For example, when M-P contrasts fomalism to a "literature of subject", he appears to be talking about a kind of literary criticism, the kind which ignores the 'device' and the 'technique' and simply looks at the subject. As Bakhtin points out, this is what we do with novels.
Novels are long. Novels are prosaic. Novels are a kind of osmotic membrane, a permeable membrane, a porous boundary between everyday conversation and literary language. And in that sense novels are different from other art forms, because they straddle this frontier and do not simply instantiate a conversation in the same medium but actually realize it in another medium.
So we end up treating the novel the way we would treat a long turn in a prosaic, everyday, somewhat tedious conversation, that is, commenting on what the novel is about and leaving it at that. We read the novel as a list of subjects, as a cast of characters, or as as documents of non-artistic doctrines: politics, political economy, power relations between sexes, etc. (My wife is working on this problem; but as usual we are having trouble finding a publisher.)

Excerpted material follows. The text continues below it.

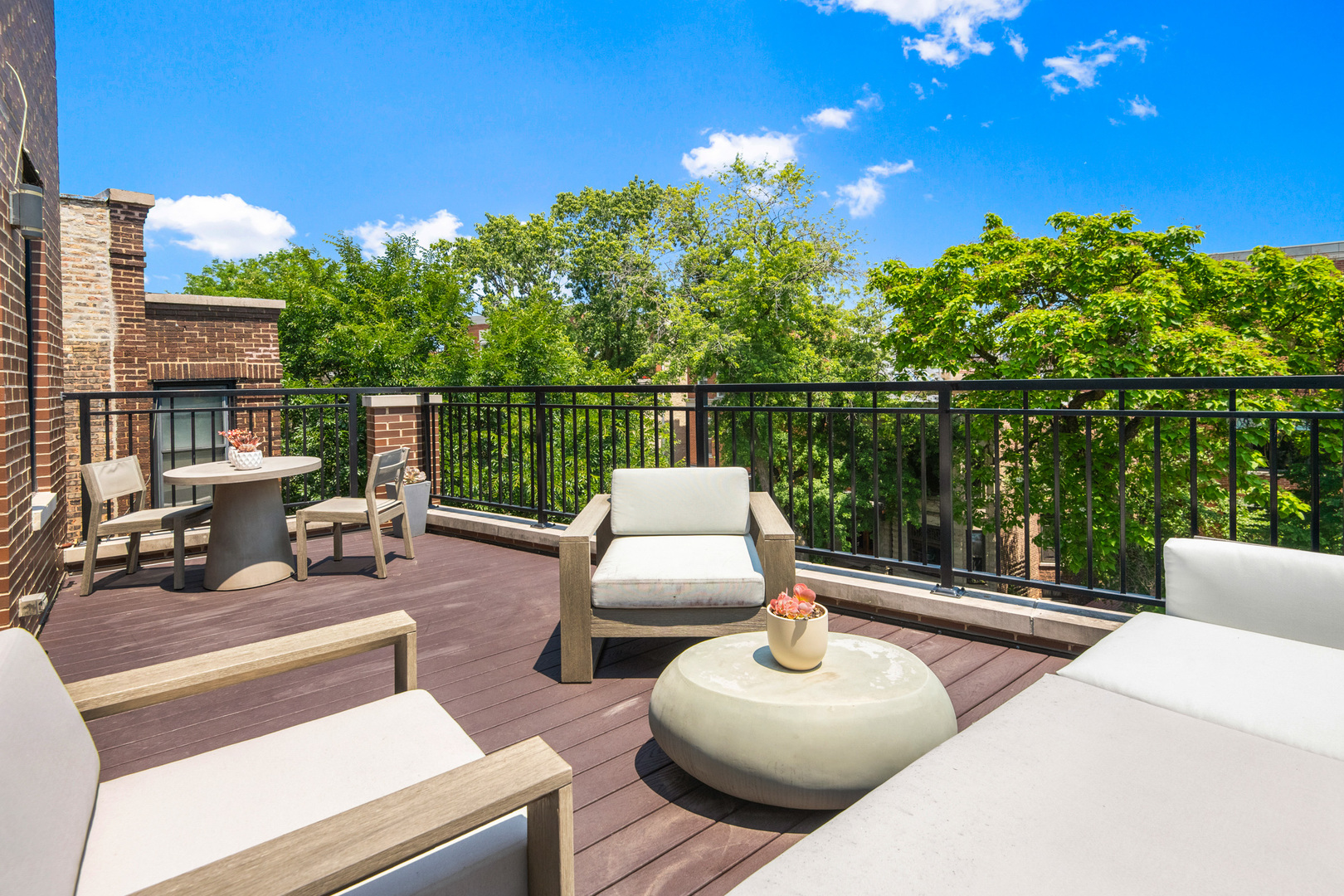 2908 North Burling Street, Unit 3 Chicago, IL 60657 - Photo 7 of 22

I am less sure what to make of Martin's text. I guess I don't believe in 'inner form' which is separate from 'outer form'. It seems to me that what Vygotsky calls 'inner form' is really just the potential for outer forms (that is, for concrete, fully realized senses). These potentials are infinite, but they are not indefinite, else they could not be defined in use. Sense is a realization of signification, and signification is the potential that underlies that realization.
But realization is a very different relationship from instantiation. The style/meaning of a literary text is an instance of genre, just as genre itself is an instantiation of the language system as a whole. No boundaries are being crossed here; there is no transition from the ideal to the real, or from the potential to the actual..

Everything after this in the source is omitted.